UPDATE Jan. 16, 2014: 'Frozen' has been nominated for two Academy Awards.
What!? There was almost a whale in "The Little Mermaid"!? Also, early sketches of the beast in "Beauty and the Beast" appear completely different than the character's final look. It's not only the art in these Disney animated features that evolved drastically over time, it's the films themselves.
The late Walt Disney himself considered adapting several fairy tales as follow-ups to his 1937 hit "Snow White and the Seven Dwarfs." Some of the movies took several decades to finally see the light of day — including "Frozen," which has earned two Oscar nominations "It takes the right era, the right artists and a lot of passion coming together to create any one of our films," "Frozen" director Chris Buck tells Yahoo Movies. "I believe that making our animated films is somewhat magical all by itself."

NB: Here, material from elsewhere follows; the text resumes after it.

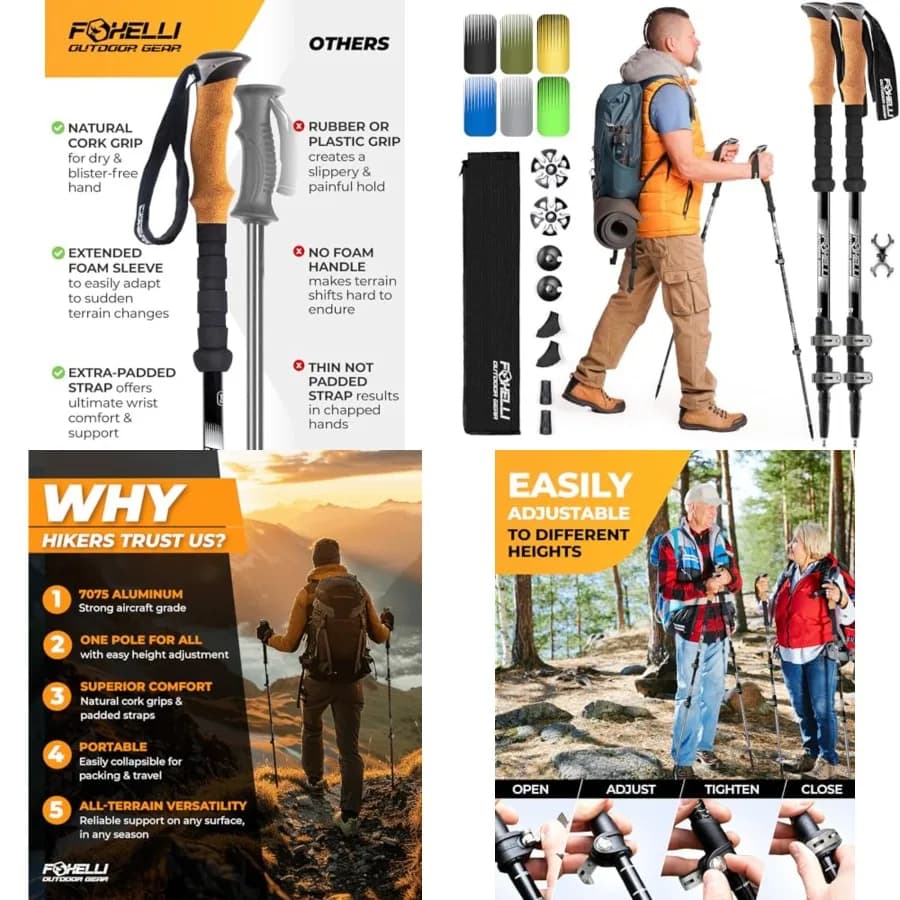 Trekking Poles Lightweight Collapsible Aircraft Grade Aluminum Hiking Poles with Cork Grips Quick Locks All-Terrain Accessories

From concept to completion, these are the stories of "The Little Mermaid," "Frozen," "Beauty and the Beast," and "Tangled" — and how they evolved over a very long period of time.
"The Little Mermaid"
Concept art that Disney has graciously shared with Yahoo Movies shows a blue whale as a main character in "The Little Mermaid" and a different-shaped Sebastian. Even the villainous Ursula got a huge makeover before she hit the big screen. The whale didn't make the final cut when the movie finally came out in 1989, roughly 50 years after Disney first considered making it. Walt Disney, in fact, wanted to adapt several classic Hans Christian Andersen fairy tales back in the '30s and '40s — including "The Snow Queen"...
Anna went from platinum blonde to strawberry blonde when all was said and done. And Sven the reindeer started out a lot more goofy looking. While "Frozen" is based on the classic "Snow Queen" fairy tale, the movie is a lot different than the story. "We hold on to what inspires us most," explains "Frozen"'s other director Jennifer Lee, citing the setting, the snow queen herself, and coming-of-age and love-versus-fear themes as the most important elements. Though Andersen's tale is not very cinematic, she admits. "We have to feel free to change details, combine characters, and design a tone that can be both entertaining and emotional in a 90-minute film."
"Beauty and the Beast"
Disney took two early stabs at making "Beauty and the Beast" in the '30s and again in the '50s, but the project "proved to be a challange." The studio resurrected the project in the late '80s to give the talented team behind "Who Framed Roger Rabbit?" something to work on. You can see how Cogsworth the clock went through his own visual evolution, but Belle may take the cake: She went through two other hair colors before becoming a brunette (see how she changed in the slideshow).
The tale behind "Tangled," based on German children's story "Rapunzel," is a tad different than the rest, but it still took a long while to see the light of day nonetheless. It was in the works for 14 years before it came out in 2010. Filmmakers initially they planned for the adaptation to be more of a twist on the classic story, calling it "Rapunzel Unbraided." Once Disney settled on a direction, the actual production took six years. You see, all that hair is very challenging to animate!
There are still more fairy tales yet to be told by Disney, but they're keeping it under lock and key: "We can't reveal the secrets of the development floor," Lee tells us. "But we can tell you that there are certainly a few waiting to be told."